Boneless fish pieces - 18

( use any fish ,today i have used Tilapia)

Salt to taste

Pepper powder - 1 tsp

Turmeric powder - 1/4 tsp

Red chilly powder - 1 tsp

Coriander powder - 3/4 tsp

Red food colour as needed (optional)

Corn flour - 1 tbsp (heaped)

Maida - 1/2 tbsp

Ginger and Garlic paste - 1 tsp

Egg beaten - 1

( mix all above ingredients together and rest for 10 minutes)

Other ingredient

Oil to deep fry

Chopped ginger and garlic - each - 2 tsp

Sliced green chillies - 4

Curry leaves and coriander leaves few

Red chilly powder - 1/2 tsp

Pepper powder - 1 tsp

Coriander powder - 1/2 tsp

Red chilly paste - 1 tsp

Salt to taste

Soy sauce - 3 tsp

Curd - 1 tbsp

Lemon juice - 2 tsp

Method

Heat oil in a pan and deep fry the marinated fish in batches till golden brown on both sides. Keep it aside.
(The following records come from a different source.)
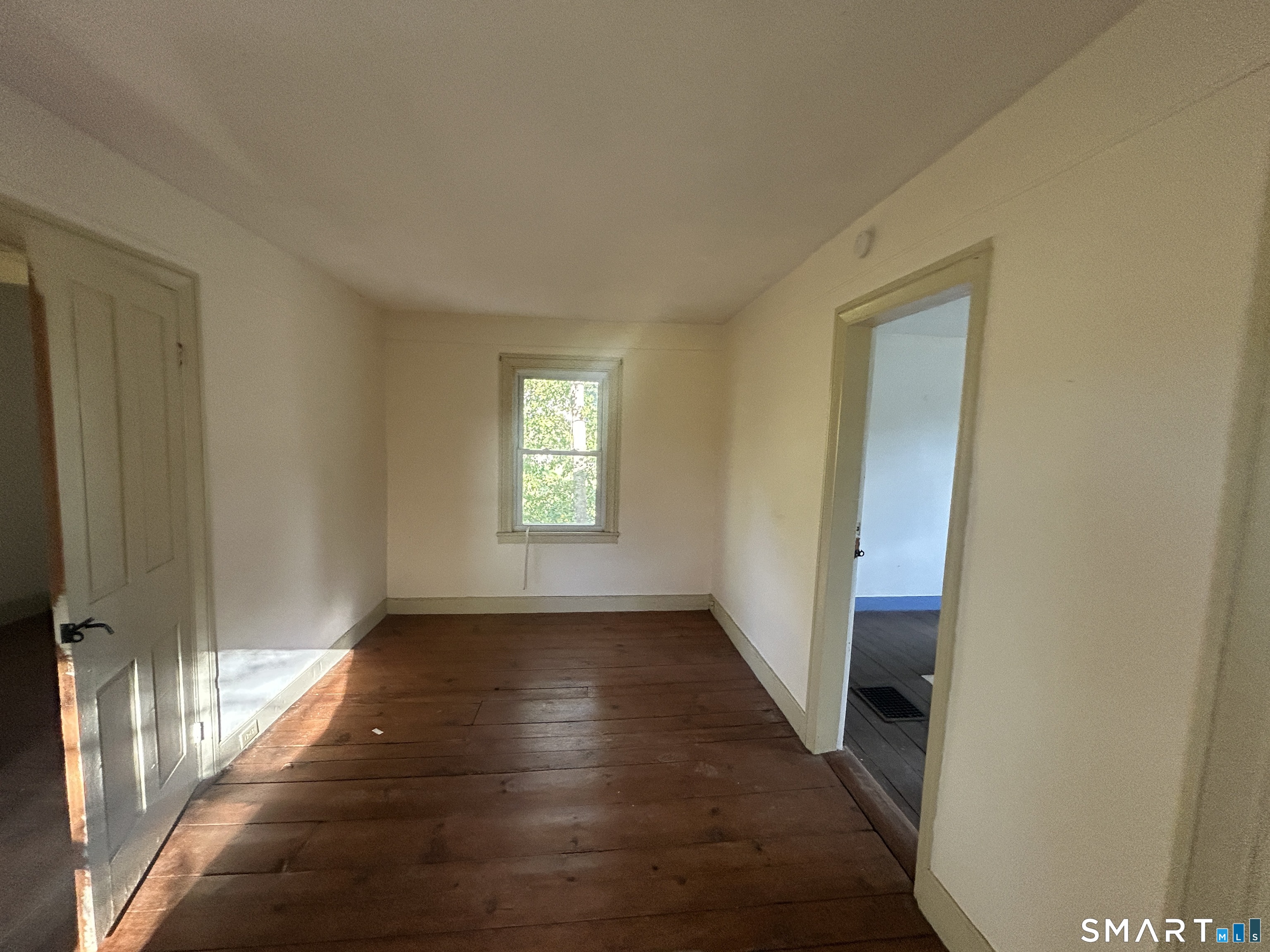 433 Simsbury Road Property Photo 29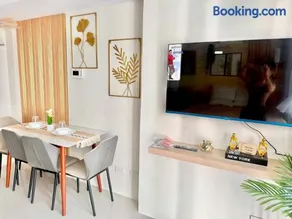 Luxury Condo near NAIA Airport & MOA with FREE Pool & Gym - Image 1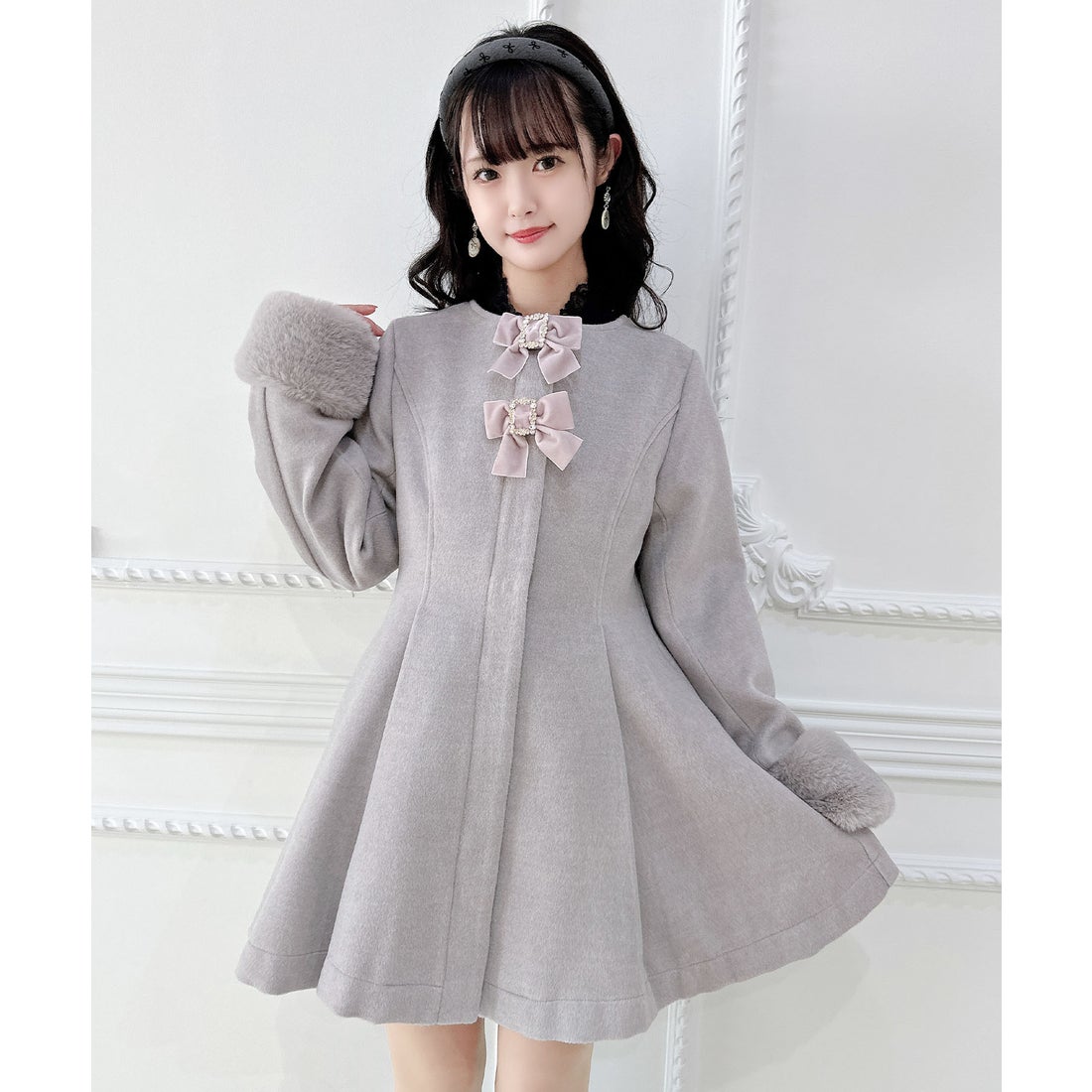 ロジータ ROJITA ファーティペット付きトリプルリボンコート （グレー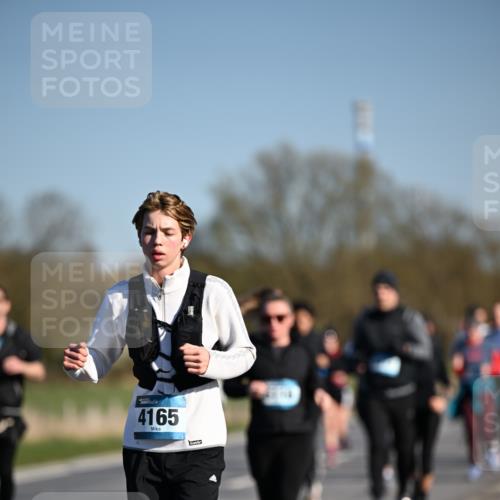 06.04.2025 - 44. Internationalen Wilhelmsburger Insellauf Dr. Thomas Lammeyer http://msf.ph/oto/7563488 06.04.2025 09:38:25 Laufen 4165 meine-sportfotos.de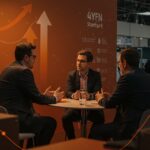 Pau Garcia-Milà conversando con inversores en 4YFN 2026 destacando los criterios clave para conseguir financiación en startups en España y LATAM.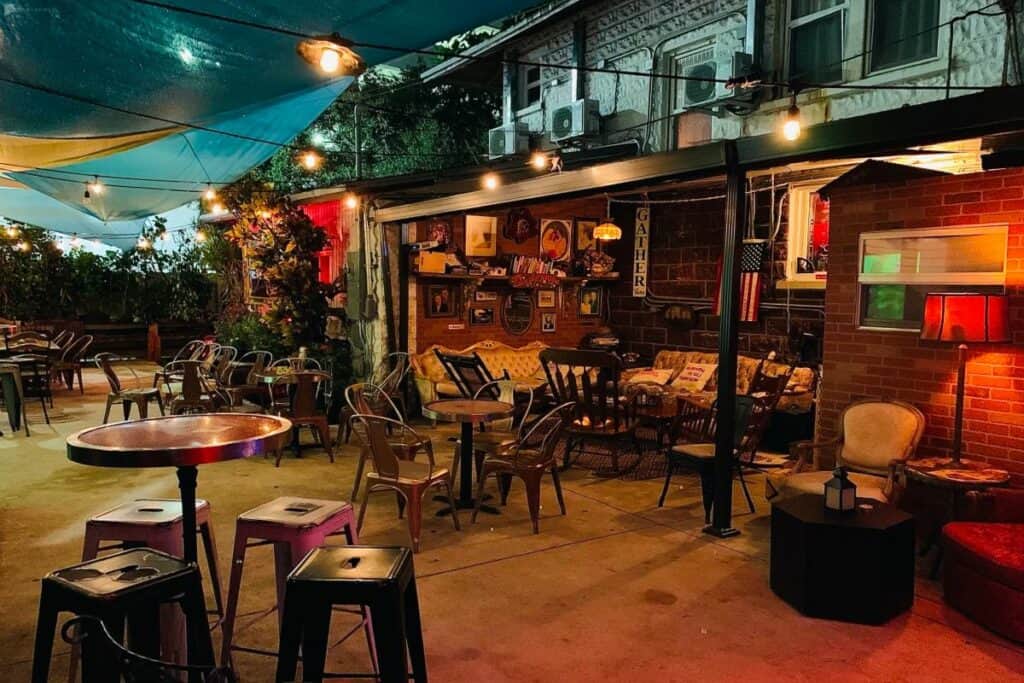 bohemian cottage and restaurant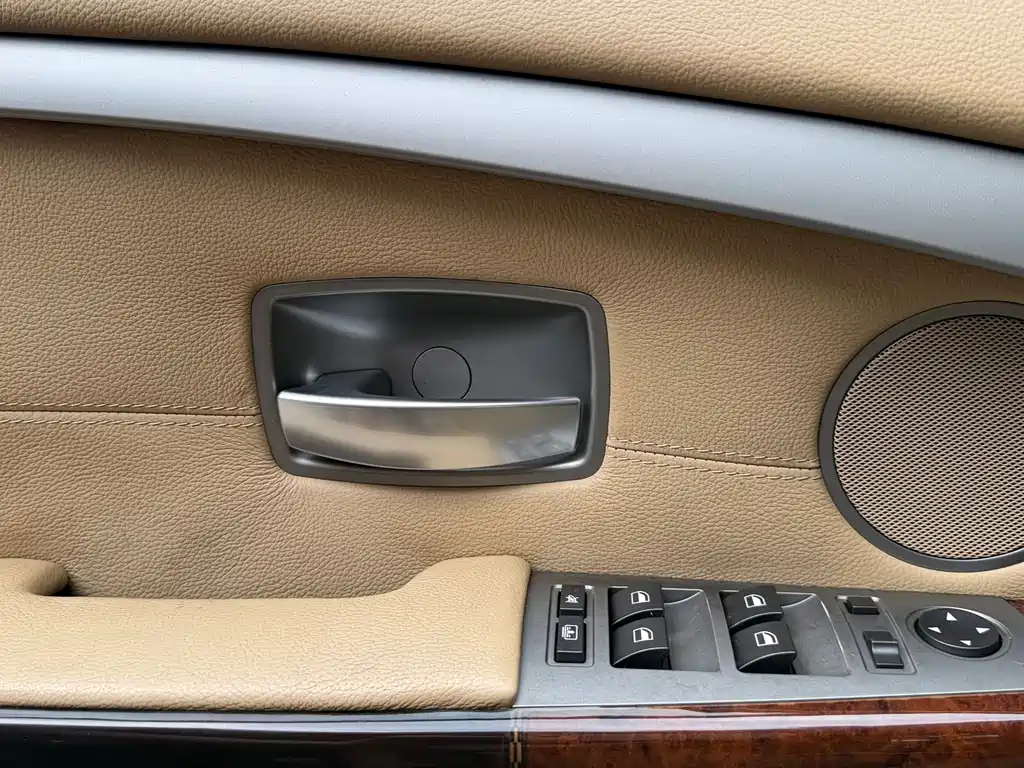 BMW 7 Series — миниатюра 5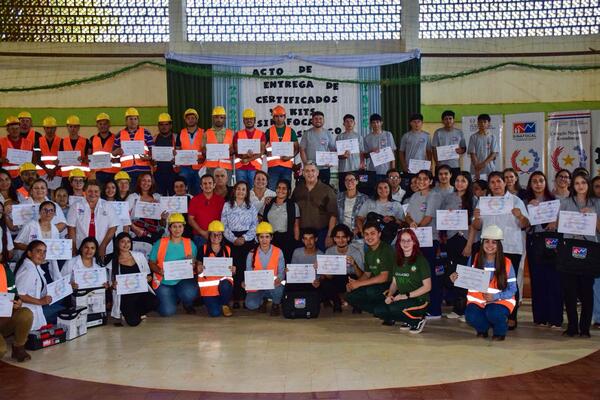 Fortalecimiento del empleo: SINAFOCAL entrega más de 700 certificaciones y kits de herramientas en Itapúa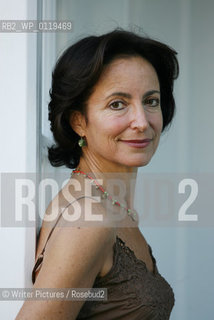 Linda Kelsey photographed at her home in West Hampstead, Lo©Writer Pictures/Rosebud2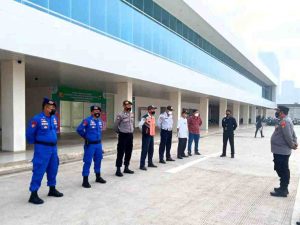 Polres Kep Seribu Gelar Pengawasan ProKes dan Wajibkan 303 Penumpang Kapal ke Pulau di Pelabuhan Kaliadem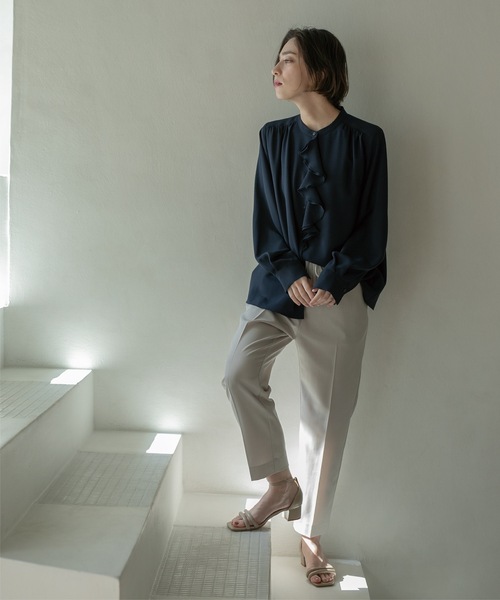 OPAQUE.CLIP(オペークドットクリップ)の「◆スクエアトゥダブルブリッジサンダル(サンダル・レディース・ベージュ/グリーン系/ブラック/シルバー/ホワイト系9・02/03/01)」の17枚目の写真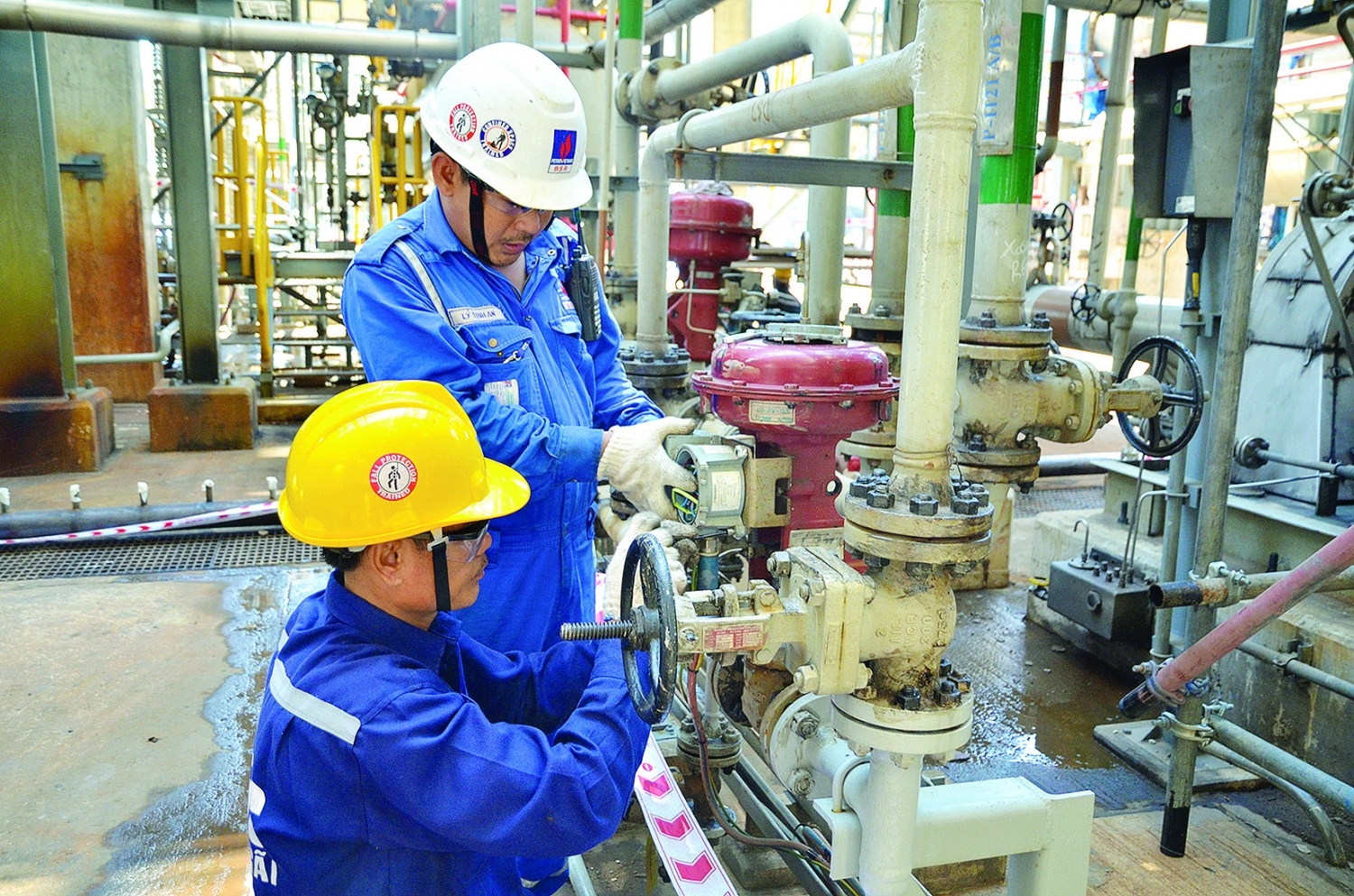 Người lao động Petrovietnam làm chủ các công việc kỹ thuật phức tạp tại các nhà máy.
Take 2 tbsp of the fried oil in a pan add chopped ginger ,garlic,green chillies and few curry leaves and saute.

Now add the remaining ingredients one by one and sauté till the oil separated from the masala.

Switch off the stove add the fried fish pieces and toss till well combined.

Garnish with coriander leaves and serve immediately!